2/11 - Everglades trail: Pineland, Pahayokee Overlook, Mahogany Hammock; Flamingo; West Lake trail; 40 west; Airboat; Naples

Rientriamo alle Everglades sulla 9336, andando più avanti del tratto percorso fino a ieri e scorgendo ai lati della strada i trail organizzati per le canoe. Alcuni sembrano veramente lugubri e da film horror, addentrandosi in stretti percorsi in quella fitta ed intricata ragnatela di mangrovie che deve pullulare di milioni di zanzare, mentre altri appaiono più rilassanti su grandi laghi all'aria aperta e alla luce. In entrambi i casi purtroppo esiste il problema fisico della canoa: ovvero, bisogna portarsela appresso in qualche modo in auto per miglia perchè dal visitor center a Flamingo non c'è altro posto per affittarla!
Continuiamo la nostra perlustrazione fermandoci nei successivi trail visitabili a piedi, iniziando dal Pineland (caratteristico per questo tipo di albero), poi per il Pahayokee Overllook (una terrazza con vasto e ottimo panorama sulla palude), e per finire il Mahogany Hammock. Tutti meritano di essere visti e presentano caratteristiche diverse.

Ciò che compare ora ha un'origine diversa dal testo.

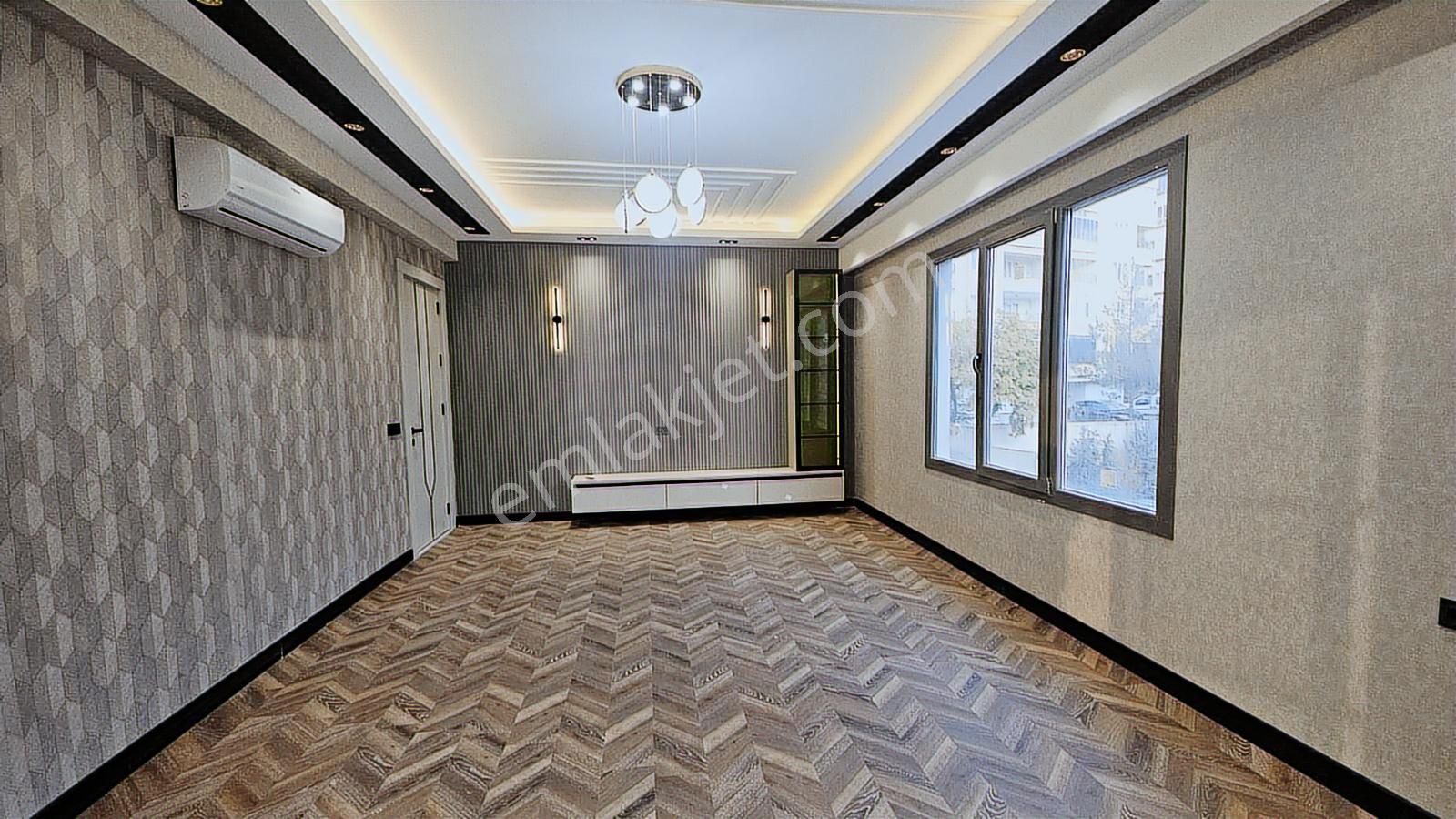 Ulaş Emlaktan 35 Metre Cadde Üzeri Delüks 4.5+1 Lüks Daire - Görsel 30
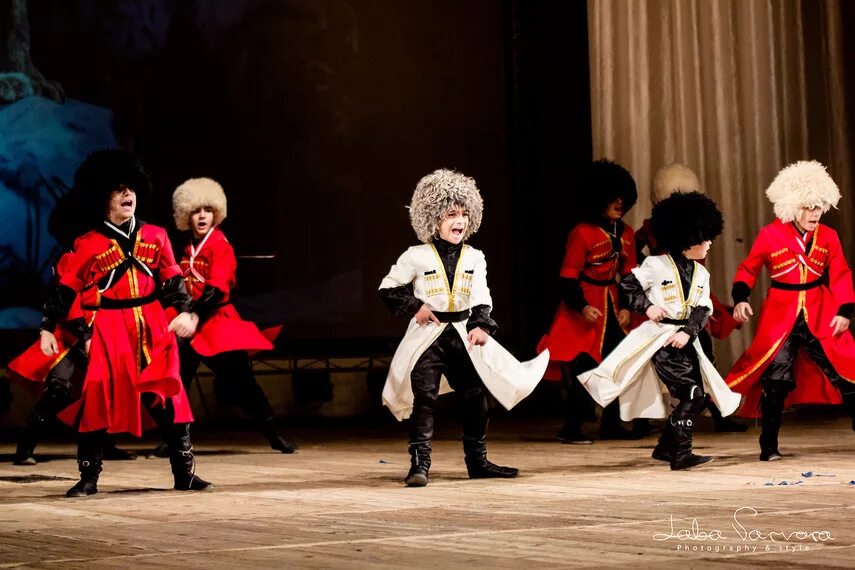 лезгинка маленьких. кавказские национальные танцы. костюмы для лезгинки для девушек. кавказские костюмы для танцев. костюм лезгинки для мальчика.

Oltre ai numerosi avvistamenti si ha la possibilità di osservare e capire (è sempre tutto spiegato nei cartelli educativi) l'importanza delle alghe e delle mangrovie nell'eco-sistema, così come dell'acqua stessa in contrapposizione con il fuoco. Gli incendi possono sembrare dannosi ma non tutti sono repressi perchè servono anche per far vivere una particolare specie di alberi che ha la corteccia sviluppata appositamente per resistere al calore e da cui non potrebbero vivere senza. Abbiamo persino l'opportunità di vedere un groviglio di radici e rami che creano uno strano muro compatto, formatosi da poco per il passaggio degli uragani che quest'anno, tra Charlie, Ivan e vari, sono stati particolarmente temuti e hanno lasciato il segno qui in Florida.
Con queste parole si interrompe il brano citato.